コラム

2012-02-28

通し柱のデザイン

リフォーム設計では、どうしても動かせない柱などの制約があり、デザインや間取りの計画に強い制約が発生します。

耐震強度などは確保しつつも、壁位置を変更することは容易なのですが、一階と二階を貫通する「通し柱」は、まず動かせない部類。

ここを如何に違和感なく納めるかが、設計者の腕の見せ所だと思います。



この事例では小さな和室群を広い洋室に変更するなど、開放的な間取りに変更したかったのですが、残念なことに部屋の真ん中に、通し柱が・・・。

そこで、傷だらけの柱を補修しつつ、柱上部の2F床補強を単純な十文字に計画し、もともとあった大黒柱の如くデザインしてみました。



広くオープンになったLDKの、どこからでも見えるこの柱は完成に近づくにつれ、単調な室内にインテリアとしても映えるような「住いのシンボル」へと、うまく変貌させることができました。

20世紀の偉大な建築家も、機能的に優れている物はデザイン的にも美しい、との言葉を残しています。特に建築のデザインは、全てしっかりした理屈の上で成り立っています。
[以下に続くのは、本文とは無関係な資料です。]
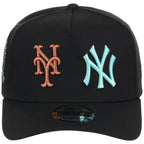 New York Yankees - New York Crown the City -  Double Whammy  New Era 9FORTY - Black/Black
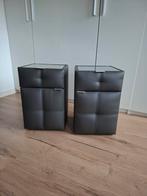 Nachtkastjes Lederlook - Set van 2, Ophalen, Overige materialen, Minder dan 45 cm, 55 tot 70 cm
→関連記事http://www.form-zenoma.jp/construction/2010/02/a-1.html

無駄なものではなく、意味があるからこそデザインに見え、美しくなる。航空機が美しくみえるのは、機能と効率を究極的に突き詰めた果ての姿だからです。

各部屋の在り方や位置付けをはっきりさせた上で、全体をデザインしてゆけば、いくらリフォームだといっても、木の風合いや構造美を活かした格好の良い住いを造ることが出来る好事例となりました。